Project: Suppliers

Compile Digger

Do you want to run the web scrapers on your computer without any connection to Diggernaut service? Then this feature is for you! :)

With the unique opportunity provided by our service, you can compile your digger into an independent executable file for the platform you need. This opportunity allows, in some cases, to significantly save resources, but imposes certain restrictions: if you need to run a digger on a schedule, then you will need to organize it on your side yourself using scheduler your OS provides you with; The compiled digger can not use the export templates and data validation schema; you will not be able to work with such digger via Diggernaut API; it doesnt support "update mode" for data scraping; digger will not be able to use OCR functionality and other Diggernaut services.

To switch to the compilation mode, press the Options button.

and let's take a closer look at all available options.

  1. Data output type
  2. Execution platform
  3. Filename (with output type File)
  4. Data format (with output type File)
  5. The filename for the compiled digger / archive (optional)
  6. Additional description (optional)
  7. Compile
  8. Close compilation panel
  9. Digger configuration
  10. List of compiled diggers

Saving data to the file

Data output type - defines where digger will output scraped data. Right now Diggernaut supports 3 different options:
File - data will be written to the file.
Database (SQL) - data will be written to the SQL database.
STDOUT - data will be written to the standard output channel of the OS.

Platform - defines a platform for which the executable digger will be compiled. Diggernaut supports Windows, MacOS and Linux operating systems, both 32-bit and 64-bit.

Filename - filename for the file where scraped data will be written to.. The file name must be specified without spaces, without using special characters and without an extension (the extension will be given to the file automatically, depending on the data format selected).
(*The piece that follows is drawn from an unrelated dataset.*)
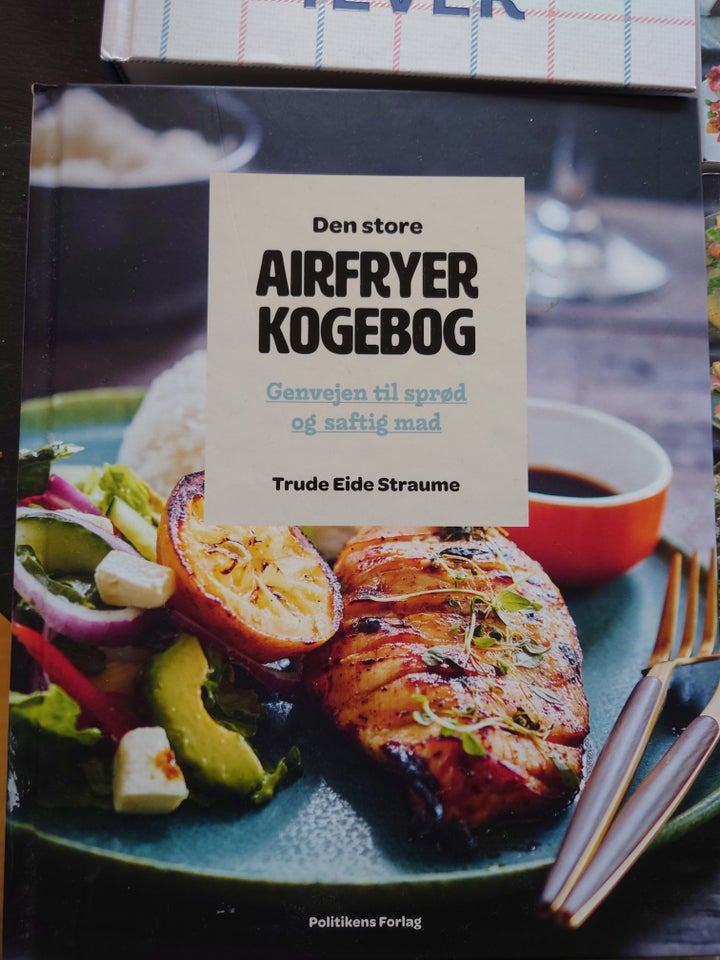 Div. airfryer bøger, emne: mad og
This field is available only when the File output type is selected.

Data format - let you to select one of the following options: Excel (only flat data structures), CSV (only flat data structures), JSON and XML. This field is available only when the File output type is selected. The differences in formats were described in the Scraped Data section. If you select CSV (flat only) option, another setting will be available - Delimiter, where you can select the character that will be used as data fields separator.

Filename for compiled digger/archive - filename without an extension, which will be assigned to the compiled digger, as well as the archive where the diger executable file will be placed along with the additional files. If this field is not filled, the system will assign the name automatically.

Additional description - The value of this field will be included to the compilation options file diggername_options.txt, which will be included to the archive with executable. In this field it is useful to save information about what and where from this scraper gets data. That will allow quickly to understand purpose of the scraper in the future :)

Compile buttons starts compilation process. You cannot compile more than 1 digger per minute.

When compilation is done, you will see dowloadable archive in the list of the compiled diggers, which will contain the following files:
supplier_n1_1282_windows64.exe - executable scraper file with .exe extension for the windows x64 platform;
supplier_n1_1282_options.txt - help file with start-up options, and additional description data;
supplier_n1_1282_config.yaml - digger configuration in YAML format;
howto-compile-en.txt - short manual, describing compilation process and possible options, in english;
howto-compile-ru.txt - short manual, describing compilation process and possible options, in russian;

To run the scraper on your computer, you need to unpack the archive and run the executable. While the scraper is working, in addition to the file with data, there is a log file will be created. Scraper will write the progress of the scraping process to this log file. You can use this file to control the execution. Also if you have any questions, you can attach this file when communicating with a Diggernaut customer support. The scraper will also display the progress of the scraping process to the console, in all cases except when the selected data output type is STDOUT. In this case, the data will be shown in the console, and the progress of the scraping process will only be available in the log file.

Please note:
At any time, you can interrupt the execution of the digger by pressing Ctrl + C or Command (⌘) - Q. In this case, if the digger has already collected some data, it will be saved to the data file of the choosen format. This is true for all formats except Excel (flat only). Excel file (XLSX) is written at the very end of digger job, so interrupting execution will cause losing scraped data.

Save to the database

If you change the data output type to the Database (SQL), some options will be changed to the settings for accessing the database.

  1. Database type, can select one of: MySQL, PostgreSQL, MicrosoftSQL
  2. Hostname of database server
  3. Username to access DB
  4. Password to access DB (optional)
  5. Port of DB server
  6. Database name

Please note:
The use of the ` character is not allowed in the fields.

Save to STDOUT

If you select STDOUT, digger will write scraped data to the console. In this case, progress of the scraping process can be tracked in the log file. The data format can be selected in the additional field.

Allowed data formats: CSV (only flat), JSON and XML.